Big news last week with the discovery of the “practically intact” HMS Ontario in nearly 500 feet waters of Lake Ontario. The Revolution War era 80-foot British sloop of war went down during gale in 1780 with a compliment of Canadian crew, British Soldiers, and possibly American POWs.
It’s considered one of the earliest discovered shipwrecks in America. New York is also home to the a 1758 Land Tortoise fully intact in Lake George’s south basin.
The Associated Press carried the story of the HMS Ontario – “the oldest shipwreck and the only fully intact British warship ever found in the Great Lakes.”
The finders of the wreck said they regard it as a war grave and have no plans to raise it or remove any of its artifacts. They said the ship is still considered the property of the British Admiralty.
The sloop was discovered resting partially on its side, with two masts extending more than 70 feet above the lake bottom…
The Ontario went down on Oct. 31, 1780, with a garrison of 60 British soldiers, a crew of about 40, mostly Canadians, and possibly about 30 American war prisoners.

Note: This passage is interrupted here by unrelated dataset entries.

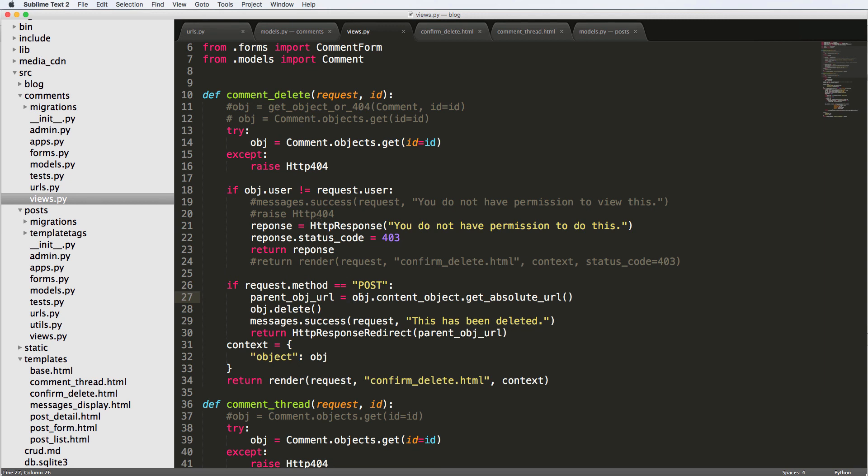You could do some more logic in here to say if it's a child, then let's just take it back to the parent thread, which is definitely something you can consider. So if you have any questions on what we did here, let us know. Otherwise, thanks for watching, and we hope to see you in the next one.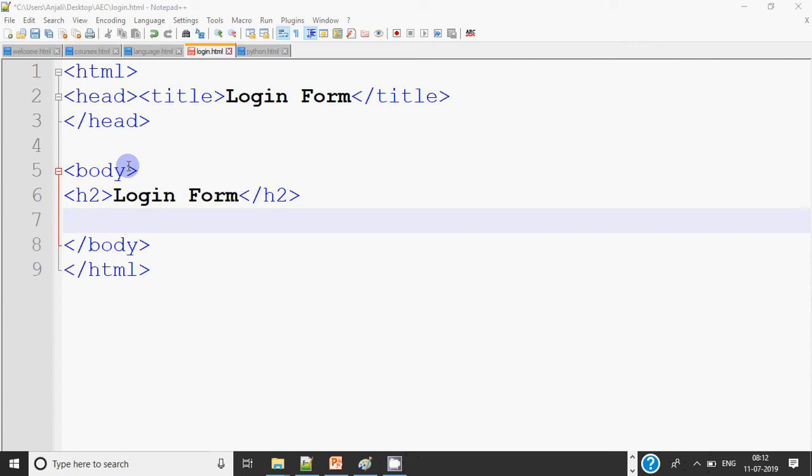Hi all, this is Anjali and today we will do how to design a login form in HTML.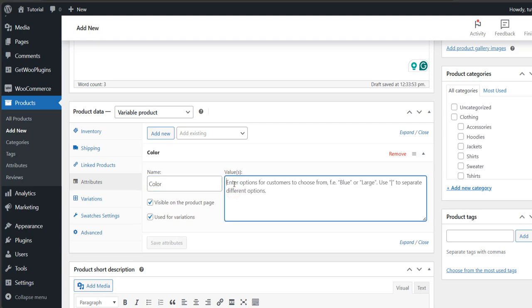Then make the variations of your color such as white, blue and black. You need to separate the variations with the bar sign.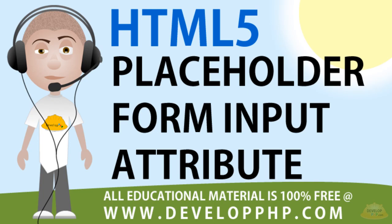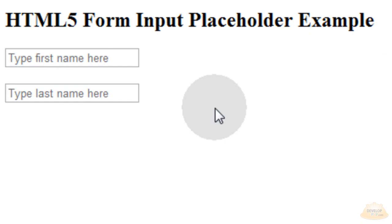In this HTML5 lesson, we will quickly demonstrate how to apply the placeholder attribute of a form input tag. This gives your users a clear indication of what a particular form field is expecting them to type into it, without the need for labels alongside of it or on top of it.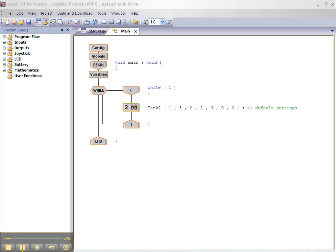The purpose of building and downloading is to create a hex file from our EZC program and download it into the Cortex controller.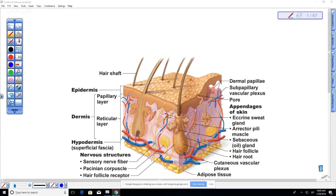Most of that information from the skin's surface never actually makes it to the conscious part of your brain. If you were consciously aware of all the sensations of clothes touching your body, it would probably drive you crazy. People with some forms of autism have difficulty with this — they get overstimulated easily. We have sensory receptors all over the surface of the skin and we just get used to those sensations. The skin is an organ because it is composed of many different types of tissues.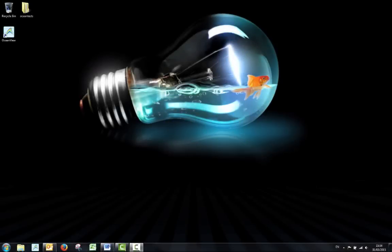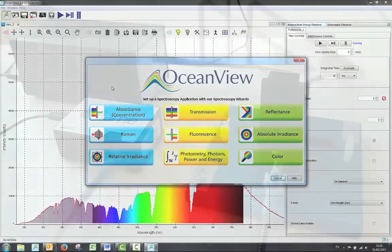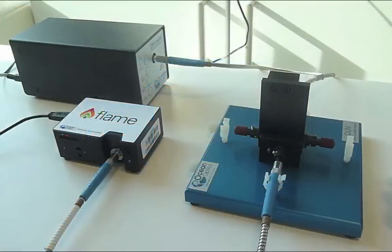This video is going to demonstrate how to set up and take absorbance measurements, showing you the simple way to use OceanView software and an example setup of OceanOptics equipment.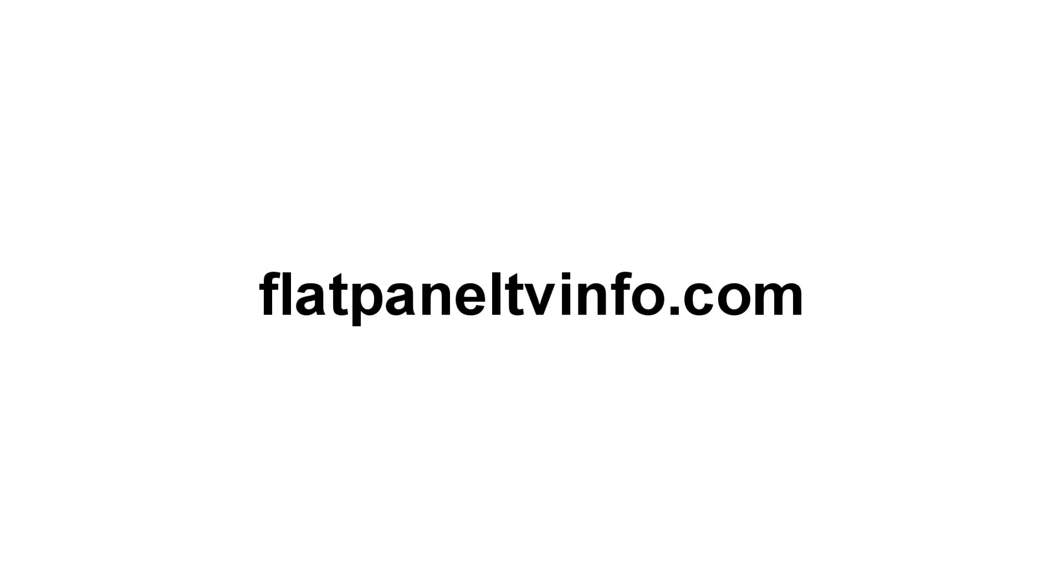For more information on HDTVs, please visit flatpaneltvinfo.com. Thank you.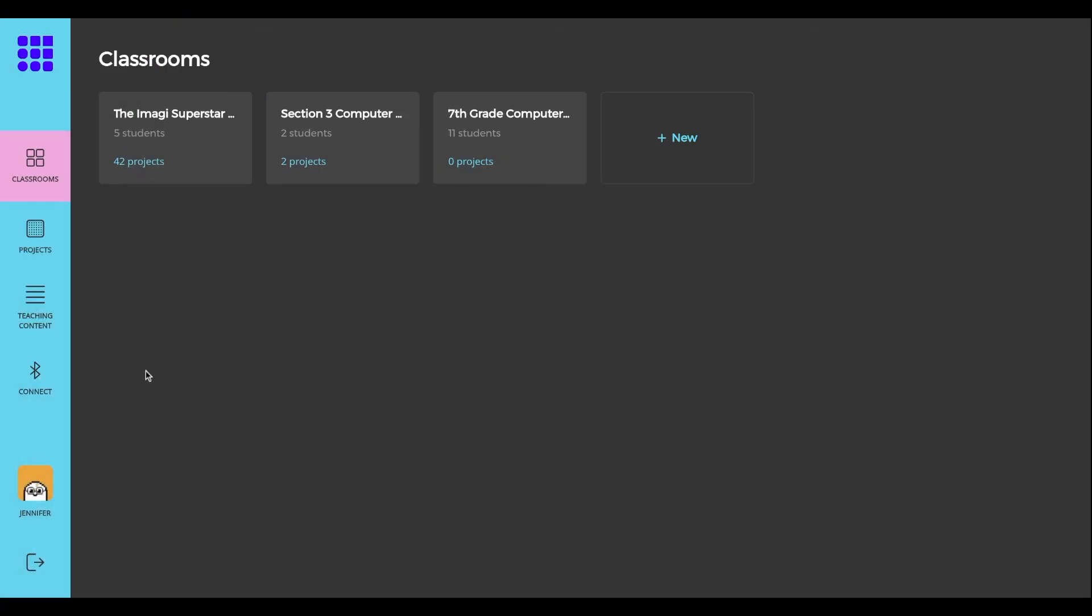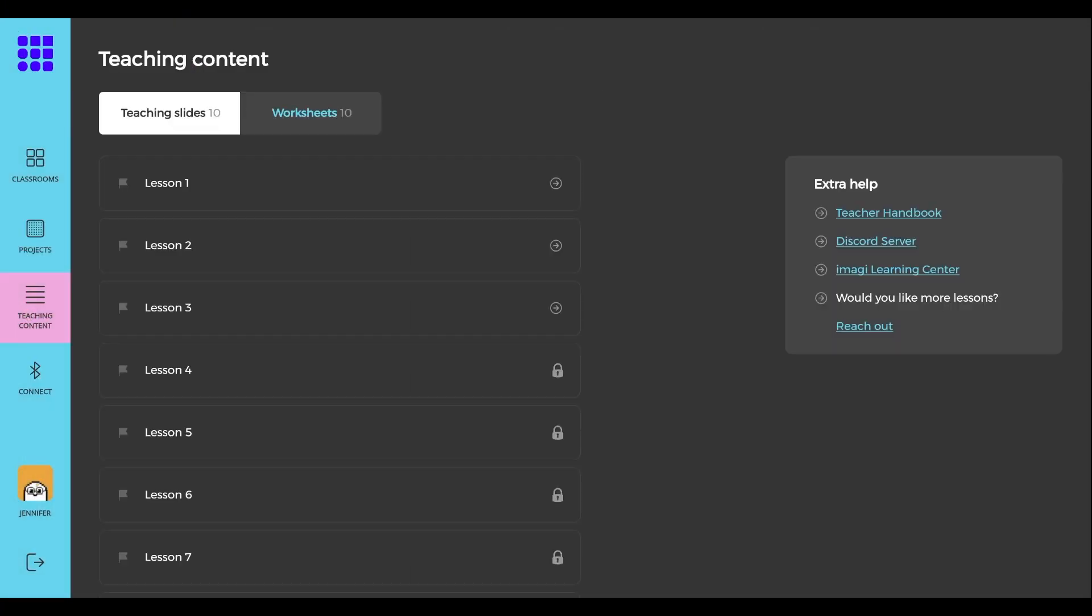Once you've logged in to your ImagiEDU account, navigate to Teaching Content to access the Creative Coding Curriculum.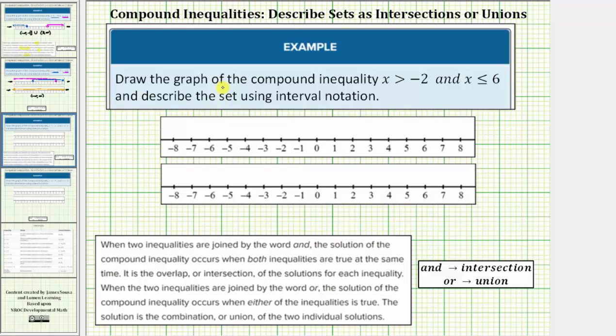We're asked to draw the graph of the compound inequality x greater than negative two and x less than or equal to six. We're also asked to describe the set using interval notation.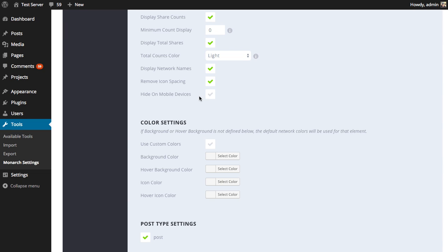Finally, we have the hide on mobile devices option. This is for if you think you have so many sharing locations enabled and it's getting a little overwhelming for mobile, and you only want to display one. Typically, the social sidebar is the best mobile option, and the rest can usually be disabled when you have that enabled — but it's really up to you. So I would hide this on mobile devices.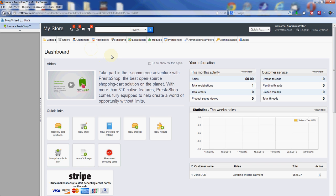Hello again everyone, this is Scott with InMotion Hosting. In this video we're going to go over adding categories to your PrestaShop store.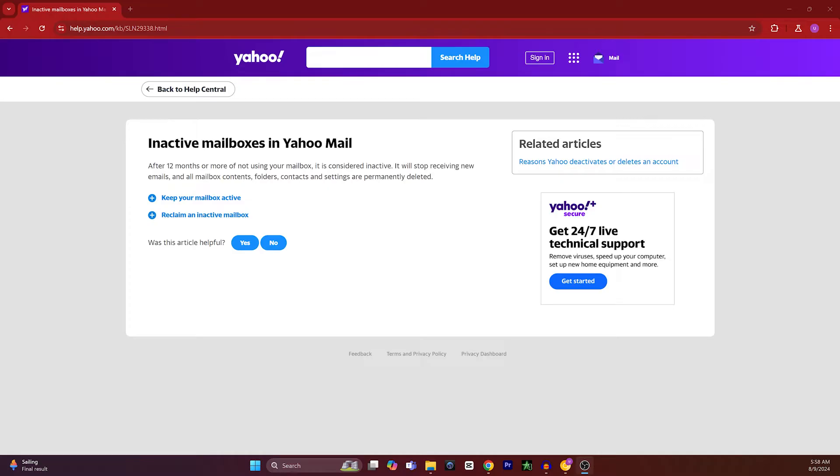...or you're using your Yahoo account after 12 months or more, and in between the 12 months you haven't used your mailbox in a single day, it will be considered as inactive. Your mailbox will stop receiving new emails, and all mailbox contents, folders, contacts, and settings will be permanently deleted. So how to make it active, or if...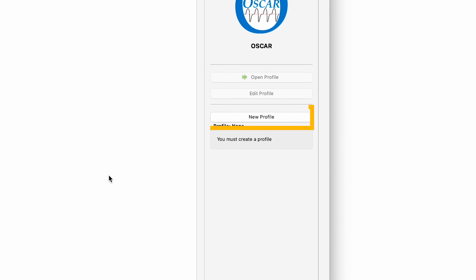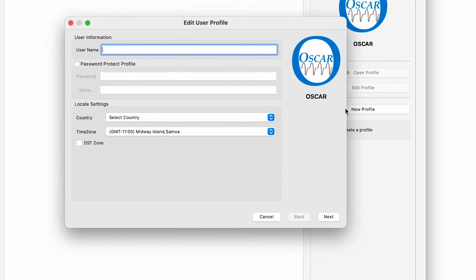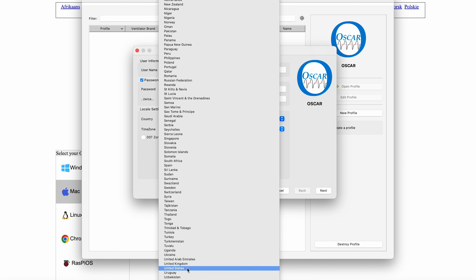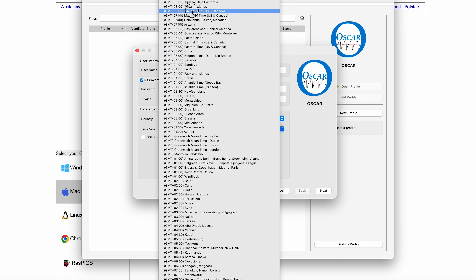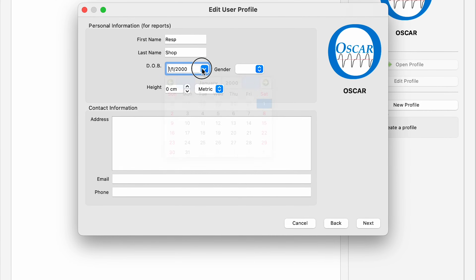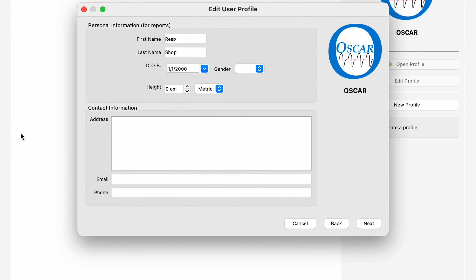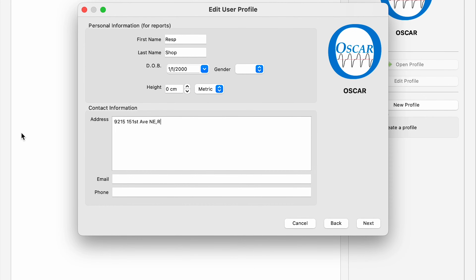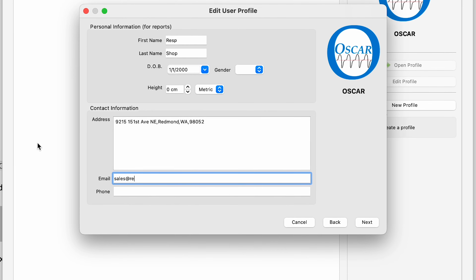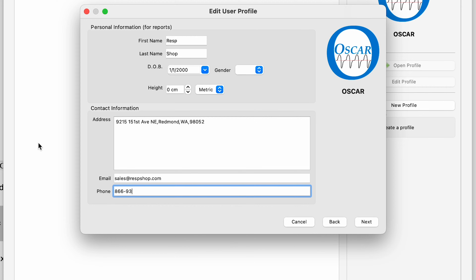When you open Oscar for the very first time, you'll first need to create your profile. To do this, click New Profile to the right of the window. It will ask you for a username, your country, and time zone, and whether you want to password protect that profile and what it should be. Make your choices and then hit Next. The screen after that asks for personal information like name, date of birth, gender, height, weight, etc. This data is only relevant to what gets printed out on your reports, so put as much or as little here as you want. It's all optional. Then hit Next again.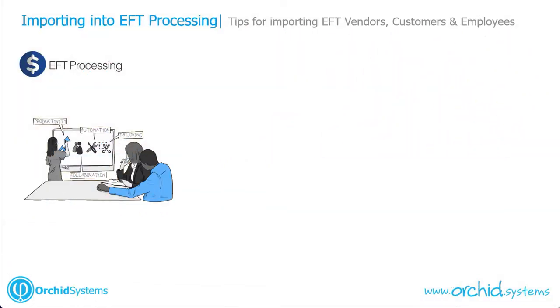In this quick video, I'm going to show you some tips on importing EFT vendor details, customer details, and EFT employee details.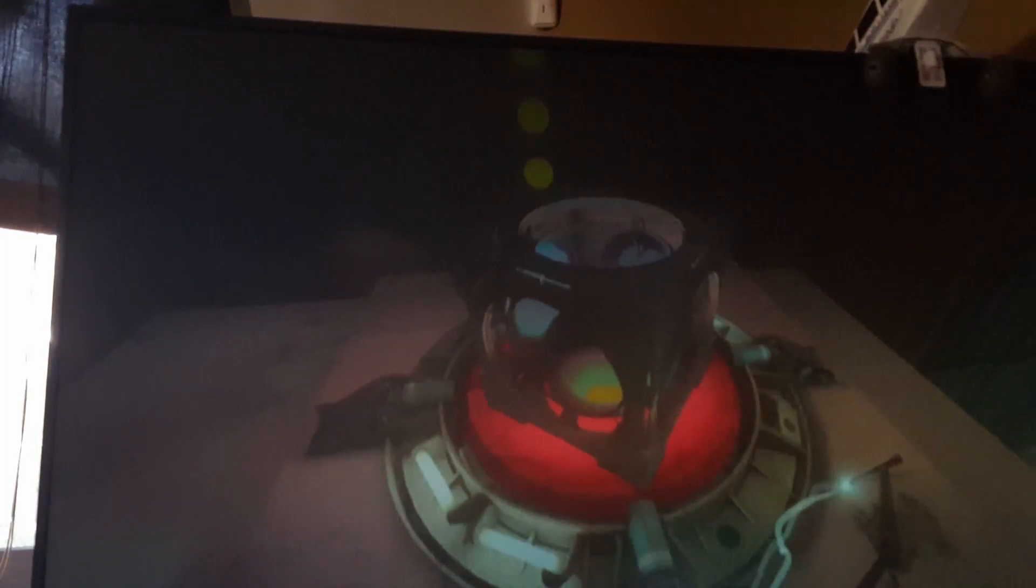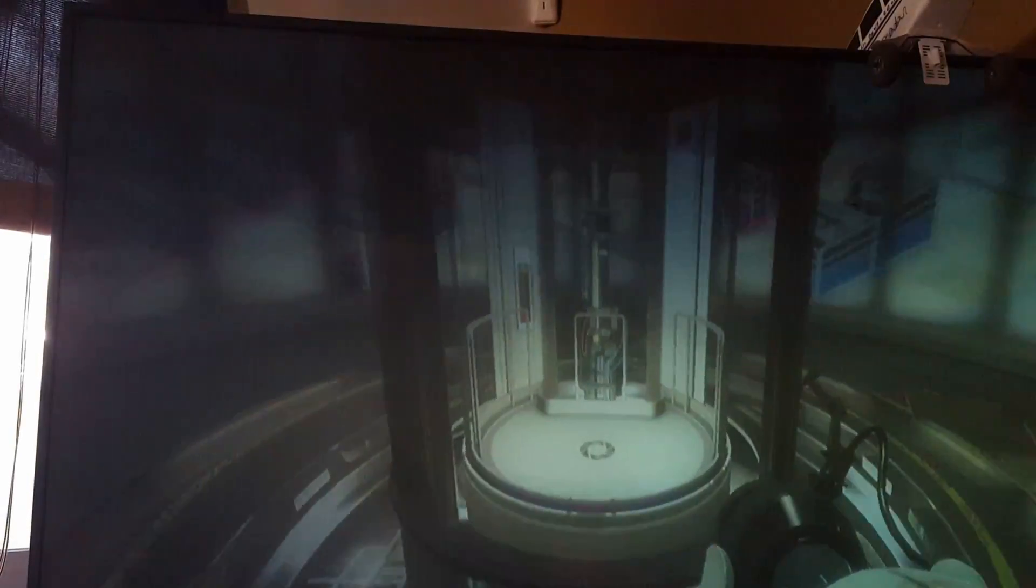GLaDOS: Here come the test results. You are a horrible person. That's what it says. A horrible person. We weren't even testing for that. Oh my gosh.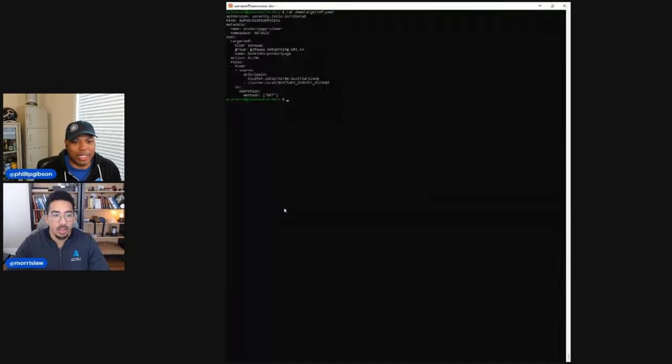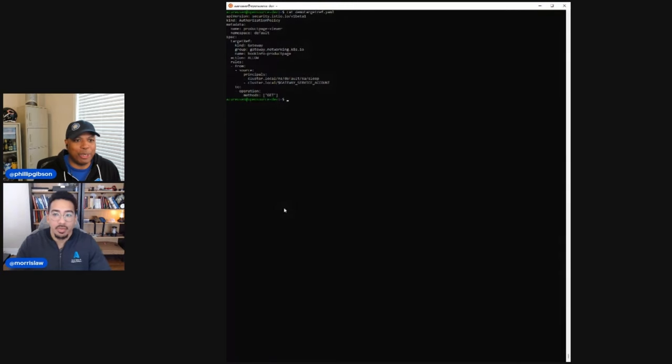Let's jump into the demo. And if possible, can you increase your font so it shows up well on video? So somewhat recently there was an update to the documentation for getting started with ambient, and I figured I could go through some of that as part of the demo.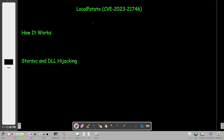Today we're going to talk about Local Potato. Local Potato is one of the very recently disclosed public vulnerabilities, identified as CVE-2023. We're going to discuss how this vulnerability works, what we need to perform a proof of concept, in addition to detection and mitigation. Let's get started.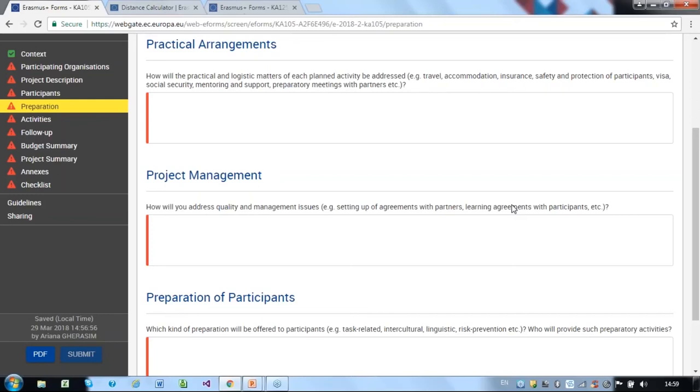As a minimum, appropriate insurance should cover travel, damage or loss of baggage, third-party liability, accident and serious illness or death. If participants have specific needs, demonstrate how they will be addressed.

The warship had been launched only five months earlier and was used to ferry troops and supplies along upstate New York’s frontier. Although it was the biggest British ship on the Great Lakes at the time, it never saw battle, Smith said.
After the ship disappeared, the British conducted a sweeping search but tried to keep the sinking secret from Gen. George Washington’s troops because of the blow to the British defenses.
Hatchway gratings, the binnacle, compasses and several hats and blankets drifted ashore the next day. A few days later the ship’s sails were found adrift in the lake. In 1781, six bodies from the Ontario were found near Wilson, N.Y. For the next two centuries, there were no other traces of the ship.